1.1 Society for French Studies 54th Annual Conference
1.2 “Migration” British Comparative Literature Association (BCLA) Triennial Conference
1.3 Colonial Education in Africa: Connecting Histories of Education Through Text, Image,Voice, Memory and Word.
1.4 Subjectivity vs. Objectivity in Postcolonial Studies
1.5 NeMLA Roundtable: Haiti after the Earthquake: the Shape, Role and Power of Writing

Calls for contribution
2.1 A New Anthology of Poems from Gay, Lesbian, Bisexual, & Transgender Africans

New titles
3.1 Between Republic and Market Globalization and Identity in Contemporary France

Other news
4.1 SPFS Postgraduate Workshop “Francophone Postcolonial Visual Cultures”
4.2 International Workshop “Imagining Contemporary Algerias: Communities, Nation-State, the Maghreb and the Mediterranean”


Society for French Studies 54th Annual Conference

University of Nottingham

1 – 3 July 2013

We are pleased to invite proposals for papers (in English or French; duration: 20 minutes) for panel sessions on the following topics:

Bestsellers: popular reading practices in French and francophone literature

Ghosts and Demons

Textual afterlives

Du côté de chez Swann at 100

France and Africa

Undergrounds and underworlds

Stardom and celebrity in French and francophone culture

French theory and visual culture


Two cultures? French and Latin in the early modern period

The suggested topics may be interpreted widely and are intended to encompass as broad an historical range as may be applicable. Please provide a short abstract (250-300 words per paper), outlining the argument of the proposed paper. Abstracts should be framed with a view to addressing an audience made up of both specialists and non-specialists and should include the contact details (electronic and regular mail) of the proposer.
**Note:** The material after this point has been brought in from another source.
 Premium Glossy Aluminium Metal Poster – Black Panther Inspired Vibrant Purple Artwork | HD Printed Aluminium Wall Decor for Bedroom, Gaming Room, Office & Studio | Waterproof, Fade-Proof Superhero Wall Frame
The Society encourages proposals for complete panels (of 3 or 4 speakers) on any area of French studies and it is hoped that approximately half of the sixteen parallel sessions at the conference will emerge from complete-panel proposals.  These should include the names, e-mail and postal addresses of all speakers, and those of the proposed session chair, who should not be one of the speakers. As well as a 250-300-word abstract for each speaker, proposals should contain a brief outline of the rationale and motivation of the proposed panel (no more than one printed page). One individual involved should be clearly designated as the proposer with overall responsibility for the proposed session.

Papers and panels are selected on the basis of peer review: you should know by late October 2012 whether it has been possible to include your paper/panel. NB In order to allow as many people the opportunity to speak as possible, no individual may present a paper at two successive annual conferences.

Please send abstracts (by e-mail) by 14 September 2012 to the Conference Officer, Dr David Evans. E-mail: For further information on the conference, please see our website

1.2 MIGRATION British Comparative Literature Association (BCLA) Triennial Conference

July 8-11 2013, University of Essex, United Kingdom

The BCLA invites conference papers on the theme of migration, understood as the migration of texts, stories, and myths across cultures and time, media, genres and species, as well as the migration of peoples across lands, seas, and worlds. Possible topics include, but are not limited to, the following:

• borders, boundaries, crossings

• exile, displacement, Diaspora

• nomads, refugees, sailors, pirates, argonauts,

• odysseys, expeditions, quests, transits

• departures, destinations, arrivals, Heimat

• worlding, world-litting

• globetrotting, globalectics

• glossolalia, polyphonies, palimpsests

• re-telling, re-inscription, re-visioning

• transmedia, cross-genre, adaptation

• metamorphosis, mutation, metempsychosis

Deadline for submission of proposals (for individual papers or panels): 1st November 2012. Please send proposals, no longer than 250 words, and a brief biographical statement to:


Rosi Braidotti, University of Utrecht

Michael Cronin, Dublin City University

Abdelfattah Kilito, University of Rabat, Morocco – TBC

Maria Tatar, Harvard University

Marina Warner, University of Essex (Presidential Address)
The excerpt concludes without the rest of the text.